+++ Supplied material +++

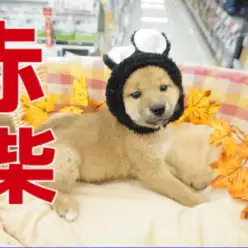 【 赤柴 】柴犬王国に塩顔男子が仲間入り♥日本の四季に映える美しい赤毛は将来有望!! ペットショップ マルワン大倉山店（横浜市） 子犬情報！No.6130737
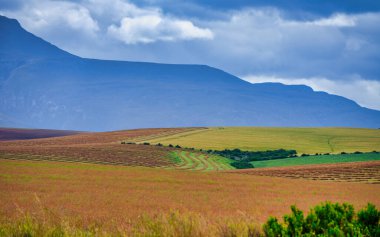 Altın buğday tarlaları ve bulutlar Overberg bölgesinde, Batı Burnu, Güney Afrika 'da, sakin bir bahar akşamında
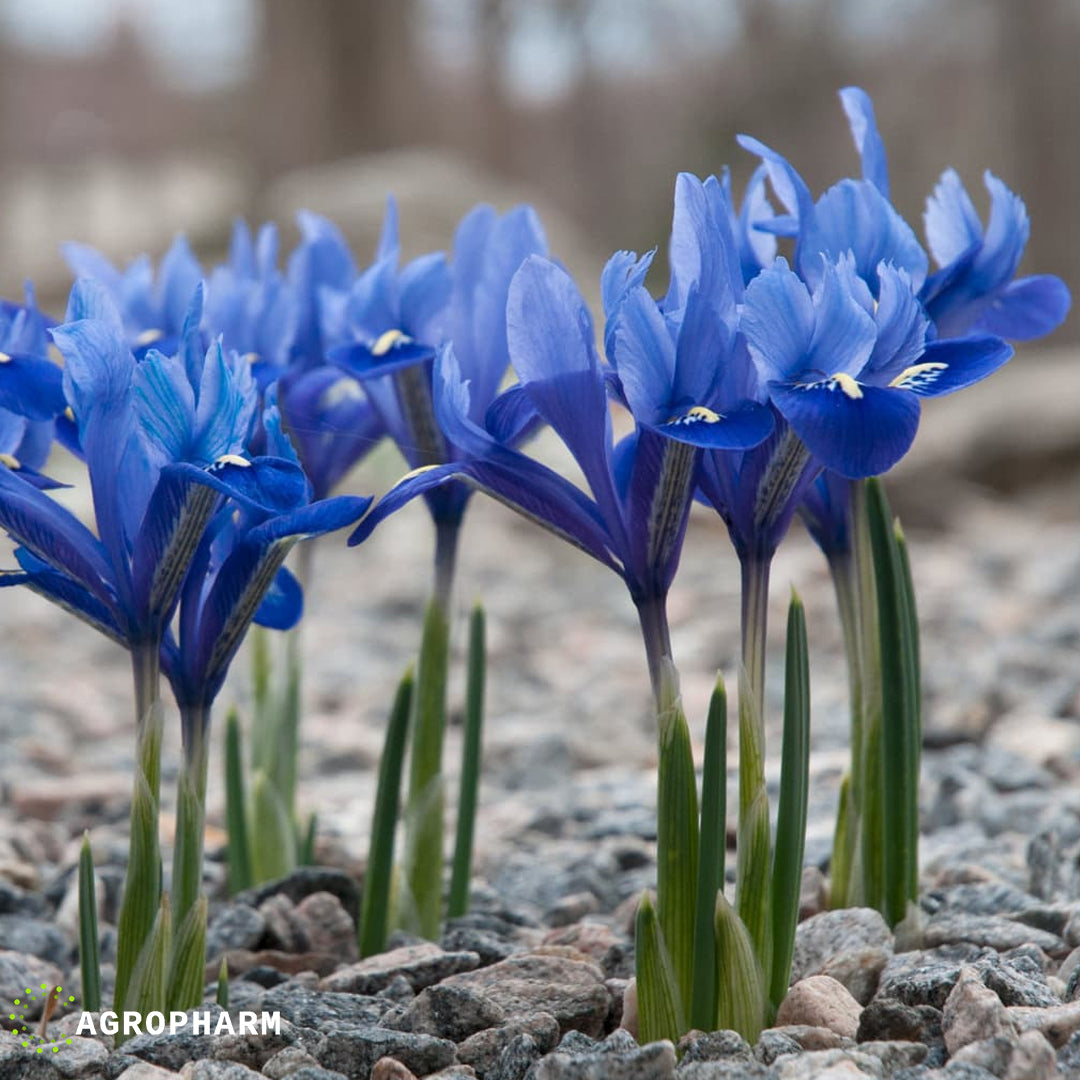 Iris Reticulata Harmony 12/1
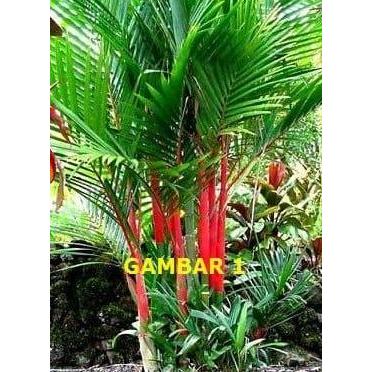 Bibit Palem Merah Pohon Palem Merah Palem Lipstik Cyrtostachys lakka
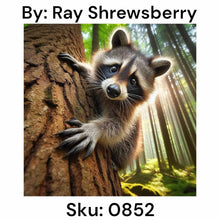 Load image into Gallery viewer, Surprise Racoon - Round Drill AB
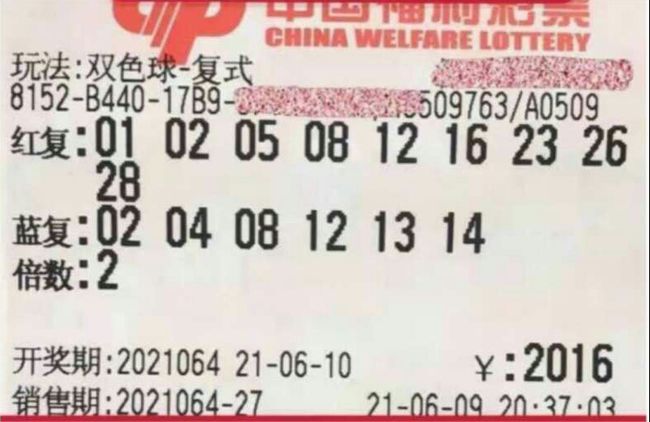 2025澳门特马今晚开奖结果,澳门特马今晚开奖结果揭晓，期待与惊喜交织的夜晚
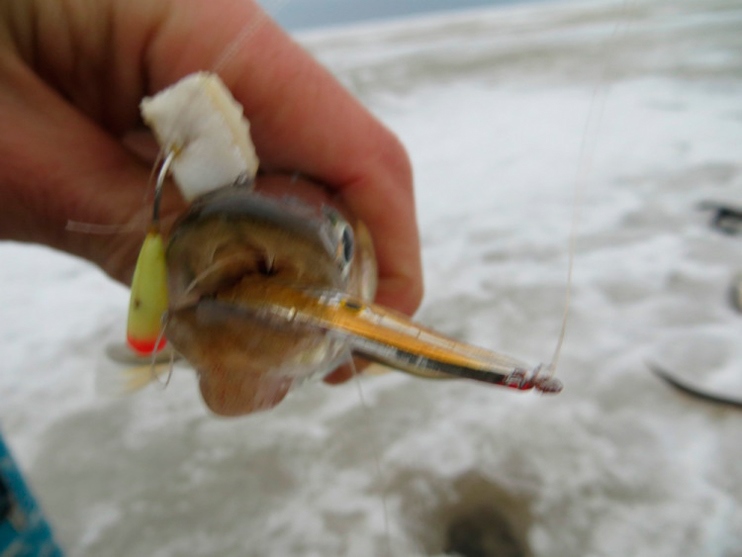 Отчет о рыбалке на корюшку. Зимняя блесна НЕРКА-F. 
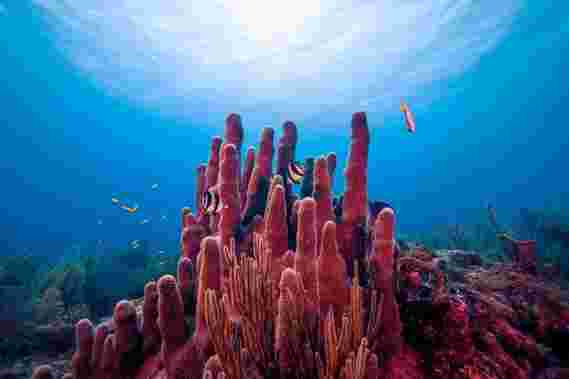发现粘菌可以帮助保持珊瑚礁健康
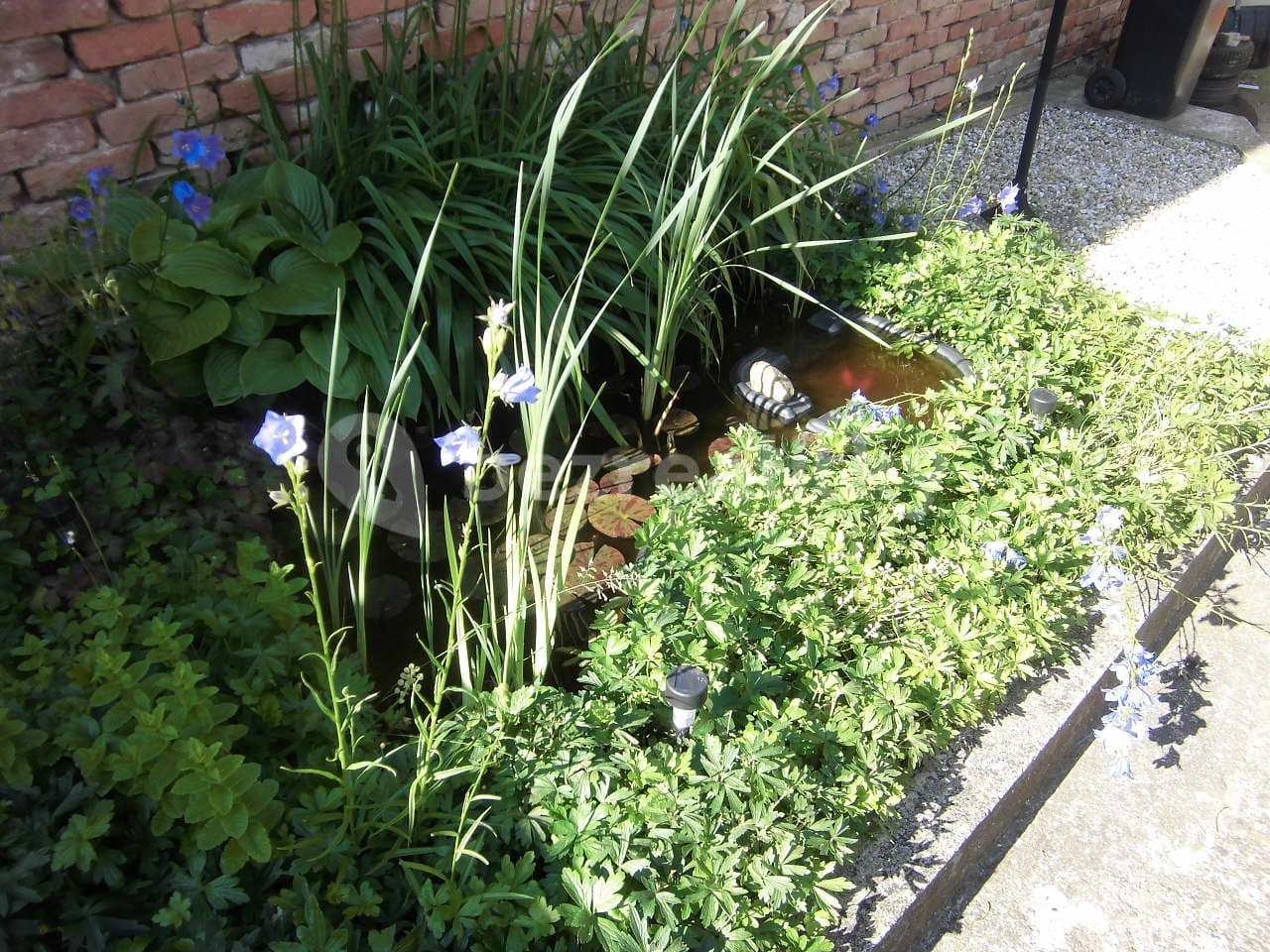 Prenájom rekreačného objektu, Šakvice, Jihomoravský kraj Prenájom rekreačného objektu, Šakvice, Jihomoravský kraj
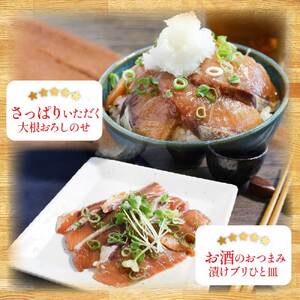 訳あり  ブリ 漬け丼 1食 80g × 10P 【漬け丼】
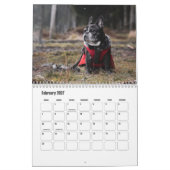 Französischer Bulldog-Kalender Kalender (Feb 2027)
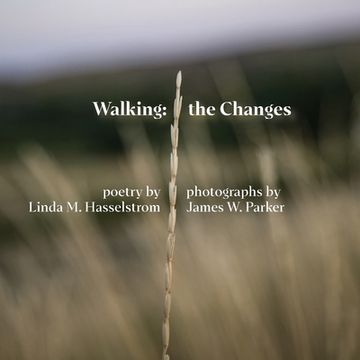 portada Walking the Changes (in English)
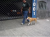 Adestrador De Cães A Domicílio Mooca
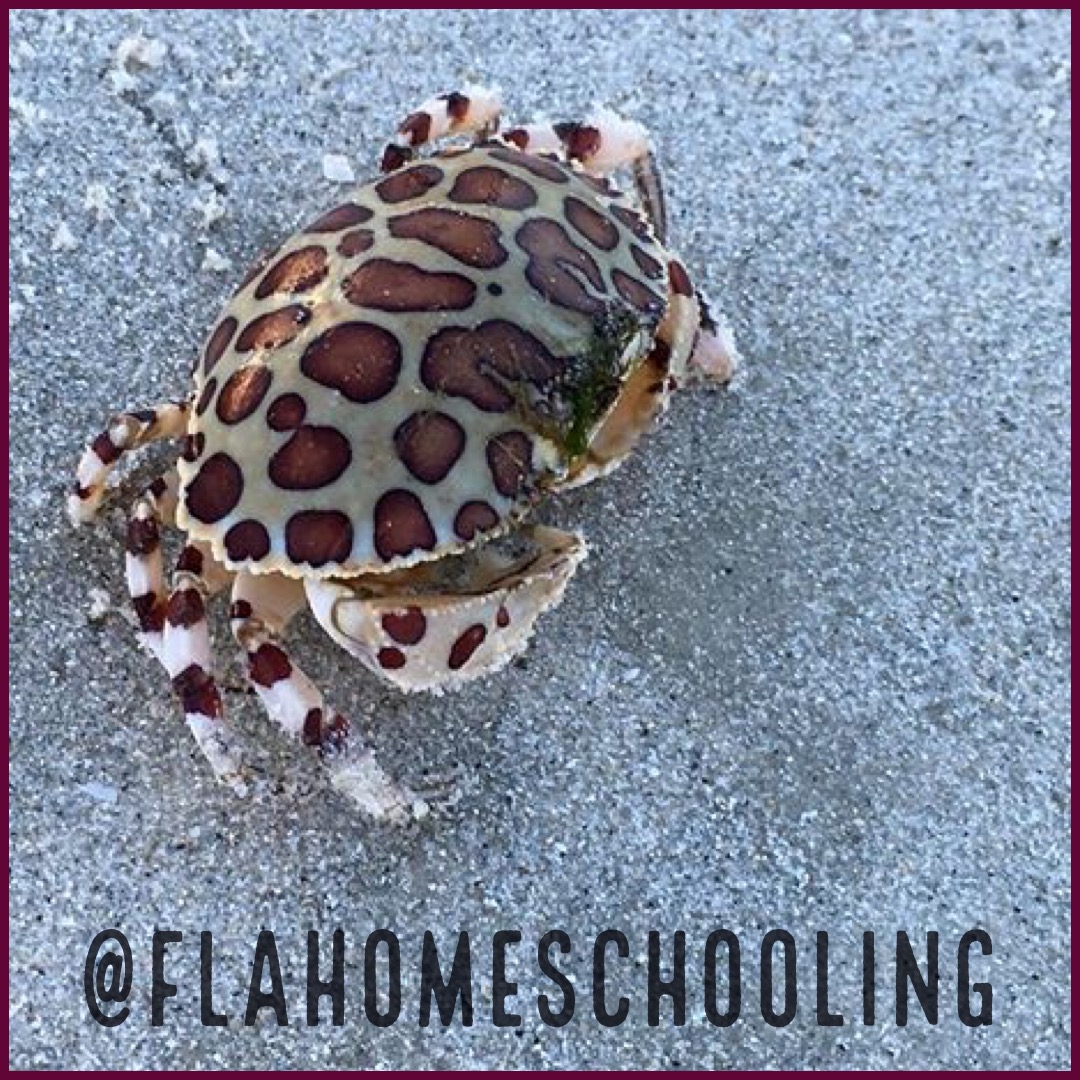Animal Encounters: Calico Box Crab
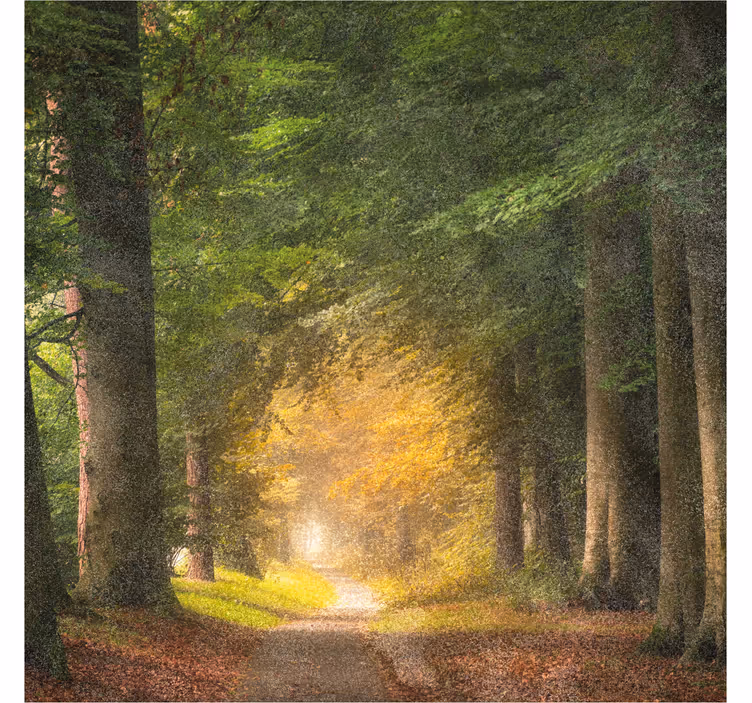 Rolgordijn kantoor een wandeling door het bos - TenStickers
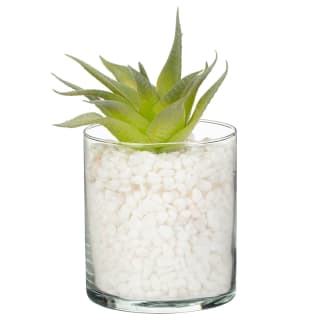 White Stones Succulent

+++

What to do:
In the records above, find the line containing "Bibit Palem Merah" and restate it and every line after it word for word, all pictures excluded.

Task answer:
 Bibit Palem Merah Pohon Palem Merah Palem Lipstik Cyrtostachys lakka
 Load image into Gallery viewer, Surprise Racoon - Round Drill AB
 2025澳门特马今晚开奖结果,澳门特马今晚开奖结果揭晓，期待与惊喜交织的夜晚
 Отчет о рыбалке на корюшку. Зимняя блесна НЕРКА-F. 
发现粘菌可以帮助保持珊瑚礁健康
 Prenájom rekreačného objektu, Šakvice, Jihomoravský kraj Prenájom rekreačného objektu, Šakvice, Jihomoravský kraj
 訳あり  ブリ 漬け丼 1食 80g × 10P 【漬け丼】
 Französischer Bulldog-Kalender Kalender (Feb 2027)
 portada Walking the Changes (in English)
 Adestrador De Cães A Domicílio Mooca
Animal Encounters: Calico Box Crab
 Rolgordijn kantoor een wandeling door het bos - TenStickers
 White Stones Succulent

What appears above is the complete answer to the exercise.